Si los higienistas y moralistas que quieren suprimir el uso del tabaco logran al fin salirse con la suya, desaparecerá uno de los más curiosos y característicos tipos femeninos: la cigarrera.
Porque tiene el tabaco el privilegio de ser una de aquellas industrias que hacen subsistir a no pocas ni felices mujeres; y el cigarro que el hombre fuma, antes de llegar a sus labios, ha de pasar por infinitas manos femeniles.

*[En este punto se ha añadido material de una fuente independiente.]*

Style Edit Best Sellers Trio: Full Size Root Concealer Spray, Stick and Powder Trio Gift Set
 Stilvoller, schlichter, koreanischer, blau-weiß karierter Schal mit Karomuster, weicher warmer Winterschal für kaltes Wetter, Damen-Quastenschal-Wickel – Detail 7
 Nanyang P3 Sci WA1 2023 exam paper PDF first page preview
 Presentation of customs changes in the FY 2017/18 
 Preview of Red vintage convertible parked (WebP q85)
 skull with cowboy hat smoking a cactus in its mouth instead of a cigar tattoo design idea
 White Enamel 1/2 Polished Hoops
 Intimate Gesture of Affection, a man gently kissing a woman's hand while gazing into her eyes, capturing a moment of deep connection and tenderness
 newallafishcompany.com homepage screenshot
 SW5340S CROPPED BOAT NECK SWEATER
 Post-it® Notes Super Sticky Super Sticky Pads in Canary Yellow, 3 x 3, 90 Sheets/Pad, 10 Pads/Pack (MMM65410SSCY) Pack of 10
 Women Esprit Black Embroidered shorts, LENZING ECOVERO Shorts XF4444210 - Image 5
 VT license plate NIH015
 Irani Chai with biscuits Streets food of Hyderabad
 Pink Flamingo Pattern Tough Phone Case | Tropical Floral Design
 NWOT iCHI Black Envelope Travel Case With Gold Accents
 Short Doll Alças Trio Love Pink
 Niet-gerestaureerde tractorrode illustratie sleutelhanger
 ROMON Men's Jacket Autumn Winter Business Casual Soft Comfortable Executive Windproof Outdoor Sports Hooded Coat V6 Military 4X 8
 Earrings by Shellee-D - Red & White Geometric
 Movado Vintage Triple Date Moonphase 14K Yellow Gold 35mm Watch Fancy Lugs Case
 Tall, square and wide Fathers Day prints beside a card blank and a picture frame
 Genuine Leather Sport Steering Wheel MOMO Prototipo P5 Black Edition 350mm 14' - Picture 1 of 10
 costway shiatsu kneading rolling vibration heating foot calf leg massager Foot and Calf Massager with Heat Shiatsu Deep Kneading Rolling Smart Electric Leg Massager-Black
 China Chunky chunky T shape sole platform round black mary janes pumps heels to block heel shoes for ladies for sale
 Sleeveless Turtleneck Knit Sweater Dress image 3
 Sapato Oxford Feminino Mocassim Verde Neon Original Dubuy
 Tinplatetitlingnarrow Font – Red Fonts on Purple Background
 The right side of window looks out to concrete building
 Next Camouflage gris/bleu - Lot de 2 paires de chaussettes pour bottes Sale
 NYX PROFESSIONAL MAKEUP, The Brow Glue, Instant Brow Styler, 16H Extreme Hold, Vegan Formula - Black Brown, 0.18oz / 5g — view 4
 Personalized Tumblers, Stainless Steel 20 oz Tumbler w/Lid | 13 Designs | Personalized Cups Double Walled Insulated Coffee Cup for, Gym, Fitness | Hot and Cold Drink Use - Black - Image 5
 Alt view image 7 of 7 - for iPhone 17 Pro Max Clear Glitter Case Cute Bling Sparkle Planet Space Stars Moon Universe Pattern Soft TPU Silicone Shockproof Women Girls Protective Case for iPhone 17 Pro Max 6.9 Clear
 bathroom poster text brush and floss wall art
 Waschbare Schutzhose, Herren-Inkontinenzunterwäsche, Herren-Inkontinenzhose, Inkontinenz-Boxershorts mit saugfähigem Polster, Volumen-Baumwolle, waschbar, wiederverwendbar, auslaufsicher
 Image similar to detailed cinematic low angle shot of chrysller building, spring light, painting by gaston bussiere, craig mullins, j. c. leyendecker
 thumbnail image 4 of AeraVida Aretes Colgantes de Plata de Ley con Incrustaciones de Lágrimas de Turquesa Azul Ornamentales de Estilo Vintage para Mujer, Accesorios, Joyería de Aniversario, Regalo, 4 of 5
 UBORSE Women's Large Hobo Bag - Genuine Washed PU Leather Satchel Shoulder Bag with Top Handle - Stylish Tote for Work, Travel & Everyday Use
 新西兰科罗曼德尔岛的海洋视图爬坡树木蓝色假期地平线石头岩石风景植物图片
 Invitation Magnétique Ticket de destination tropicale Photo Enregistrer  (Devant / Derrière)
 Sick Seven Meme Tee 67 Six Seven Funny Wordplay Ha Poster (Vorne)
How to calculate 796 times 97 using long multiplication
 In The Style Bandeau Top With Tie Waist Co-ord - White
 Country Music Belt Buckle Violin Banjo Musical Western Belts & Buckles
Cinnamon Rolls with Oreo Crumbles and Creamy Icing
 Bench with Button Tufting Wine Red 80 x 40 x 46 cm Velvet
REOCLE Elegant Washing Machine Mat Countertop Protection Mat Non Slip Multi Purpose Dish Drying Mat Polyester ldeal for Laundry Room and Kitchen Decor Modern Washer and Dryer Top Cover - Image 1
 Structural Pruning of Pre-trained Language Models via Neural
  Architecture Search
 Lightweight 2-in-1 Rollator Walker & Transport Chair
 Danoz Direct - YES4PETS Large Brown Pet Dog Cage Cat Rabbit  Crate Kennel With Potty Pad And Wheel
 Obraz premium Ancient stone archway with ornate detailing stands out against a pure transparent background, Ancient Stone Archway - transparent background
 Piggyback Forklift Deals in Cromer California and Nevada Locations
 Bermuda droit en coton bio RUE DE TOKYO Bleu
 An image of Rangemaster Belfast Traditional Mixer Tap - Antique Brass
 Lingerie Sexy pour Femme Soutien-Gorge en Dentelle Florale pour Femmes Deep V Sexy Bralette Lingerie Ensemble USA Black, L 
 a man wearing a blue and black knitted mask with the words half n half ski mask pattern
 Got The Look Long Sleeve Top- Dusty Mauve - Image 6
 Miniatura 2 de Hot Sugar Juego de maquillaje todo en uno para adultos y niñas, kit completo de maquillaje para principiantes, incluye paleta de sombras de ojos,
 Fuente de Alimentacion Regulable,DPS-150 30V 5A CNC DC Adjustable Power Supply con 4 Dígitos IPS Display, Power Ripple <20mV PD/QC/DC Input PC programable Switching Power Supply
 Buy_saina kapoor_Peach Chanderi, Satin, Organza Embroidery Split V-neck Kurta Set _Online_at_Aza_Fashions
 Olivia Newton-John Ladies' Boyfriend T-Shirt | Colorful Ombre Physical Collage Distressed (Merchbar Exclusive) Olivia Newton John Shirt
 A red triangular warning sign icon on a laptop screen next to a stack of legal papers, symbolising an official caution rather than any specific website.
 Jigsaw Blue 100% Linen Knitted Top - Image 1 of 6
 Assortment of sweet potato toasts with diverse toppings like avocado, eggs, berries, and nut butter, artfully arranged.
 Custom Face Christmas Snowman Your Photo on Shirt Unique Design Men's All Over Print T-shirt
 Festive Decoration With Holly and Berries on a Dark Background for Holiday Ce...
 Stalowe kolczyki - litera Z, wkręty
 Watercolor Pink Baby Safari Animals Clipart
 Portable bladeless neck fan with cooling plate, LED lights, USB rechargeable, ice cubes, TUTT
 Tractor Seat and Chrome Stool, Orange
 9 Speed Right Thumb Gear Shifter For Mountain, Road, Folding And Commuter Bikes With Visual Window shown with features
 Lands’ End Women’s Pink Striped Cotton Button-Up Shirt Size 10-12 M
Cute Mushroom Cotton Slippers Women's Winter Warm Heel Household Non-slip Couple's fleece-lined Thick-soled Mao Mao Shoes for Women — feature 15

¡Oh y cuan pocos son los recursos que la sociedad ofrece a la mujer! ¡Cuan contados los ramos en que le es dado ejercer su actividad! Este del cigarro es uno de esos pocos; y comunica a las mujeres que en él se emplean algo de la actividad y de la excitación que comunica a los que lo fuman.
No es la cigarrera la tosca mujer del campo, con sus sentidos entorpecidos, su mansa pasividad, su timidez brutal en ocasiones: es una mujer viva, impresionable, lista como la pólvora, de afinados nervios y rápida comprensión.
En lo físico, también se distingue la cigarrera de la mujer de la campiña, y aun de la del pueblo que se dedica a otros oficios. El perenne encerramiento, la atmósfera de tabaco, la excitación lenta y perpetua de las mucosas, la empalidecen; las largas horas que pasa sentada, y la comida extremadamente sobria y frugal, aligera su talle, comprime sus vísceras, y hace que sus movimientos sean prontos y airosos.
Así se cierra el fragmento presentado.